Wish I could’ve found one with Draco being the victim. Ron will suffice though.


Draco: But…but…


MJ: Do you want me to take another five, Mr. Malfoy.


Draco: My father…


MJ: And fifteen for nepotism.  Now, let’s start the lesson.  What do you all know about dragons?


Hermione raises hand.


MJ: Yes, Ms. Granger.


Hermione: There’s a variety of dragons the most fearsome of the all being the Hungarian Horntail.




Hermione: No, I’m not.  It says right in the book…


MJ: Oh, you want to talk about books (pulls out Talon) read this and then tell me who the most fearsome of dragons is?


Hermione: I’ve never seen that book.


MJ: I suppose you wouldn’t since it’s written about twenty-one years from now.


Ron: You’re from the future?  Is that even possible?


MJ: I see Rowling gave you more credit than you deserved.  Five points from Gryffindor for being a complete dolt.


Okay, now it’s appropriate.


Ron: Hey, but I thought you liked us.  You took points from Slytherin.


MJ: I am a Slytherin (well, according to Pottermore and most other Sorting Hat tests on the internet, though I occasionally do score Ravenclaw).  I only took points from you because I can’t stand Mr. Malfoy. And since Snape is the only teacher who actually has the guts to take points, I had to sort of balance things out.  Back to the point, since it is twenty-one years in the past I guess I’m going to have to discuss Talon and how it features the most fearsome of dragons.


Hermione: It does not.


MJ: It does Ms. Granger.  Tell me, who annoys you the most in the world?
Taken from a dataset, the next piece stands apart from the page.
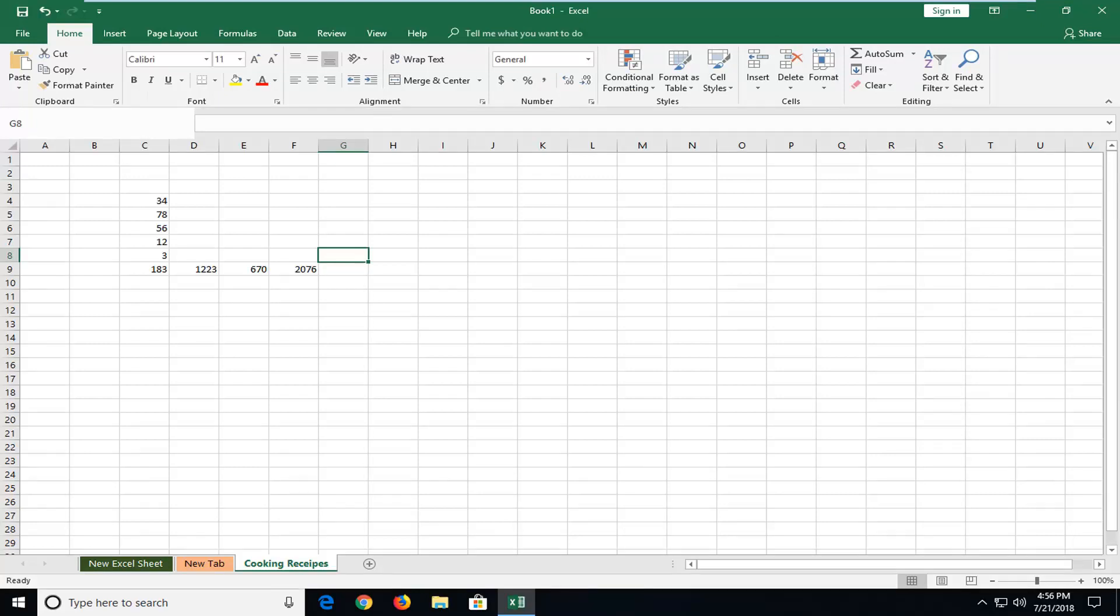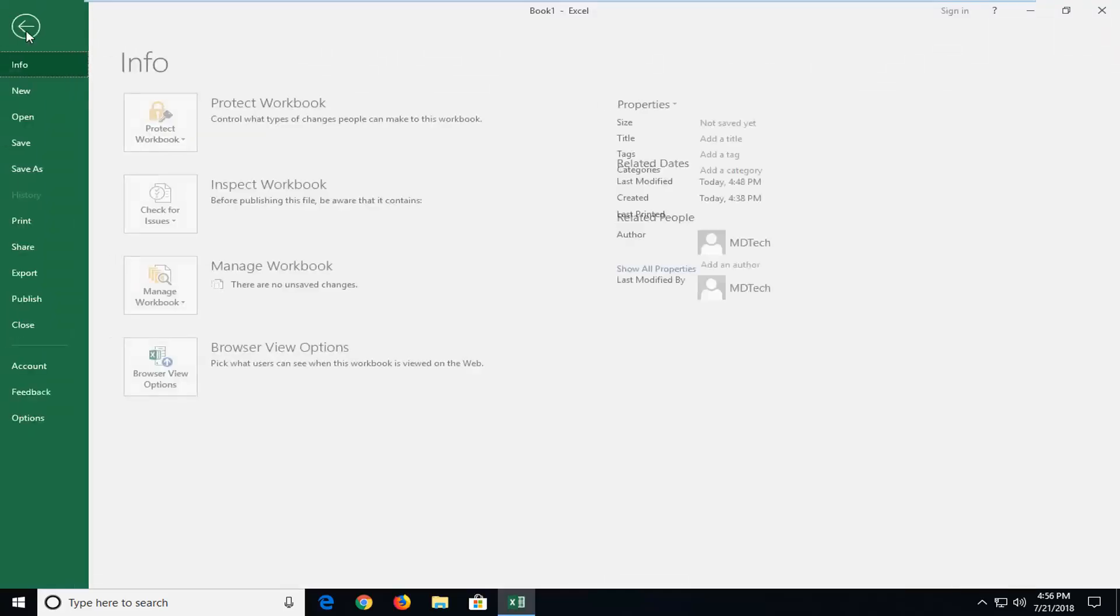This should hopefully be a pretty straightforward tutorial and without further ado, let's jump right into it. So basically a macro shows a series of commands that allows you to automate a repeated task. We're going to jump into it by opening up the file tab at the top left corner of your screen.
Hermione: Um, Lavender, I guess.


Lavender: Hey?


Hermione: Well, you do talk a lot about how you fancy Harry.  All.  The.  Stinking.  Time.


Lavender: Well, that’s because he’s Harry…


Harry: Please, tell me you’re not talking about this.


Hermione: Well, Professor MJ.  I don’t see how a dragon being annoying relates to Lavender.


MJ: But it does, Ms. Granger. The dragon in this book is an annoying teenage girl.  Who doesn’t have a lick of common sense.  She moons over a boy, who wants to kill her, by the way.  And she does stupid stuff without thinking.

Hermione: That’s annoying, but not dangerous.


MJ: She’s a dragon.


Hermione: Okay, true but….


MJ: She’s a dragon.  Fire breathing.  Reptilian creature.  I’m assuming that those of you with half a brain (eyes only Hermione) have read about how strong just physically a dragon is. Now, imagine that with hormones.


This but with insta love.


Hermione: Okay, you do have a point.  But still, I’m sure that she’s not the most deadly of dragons.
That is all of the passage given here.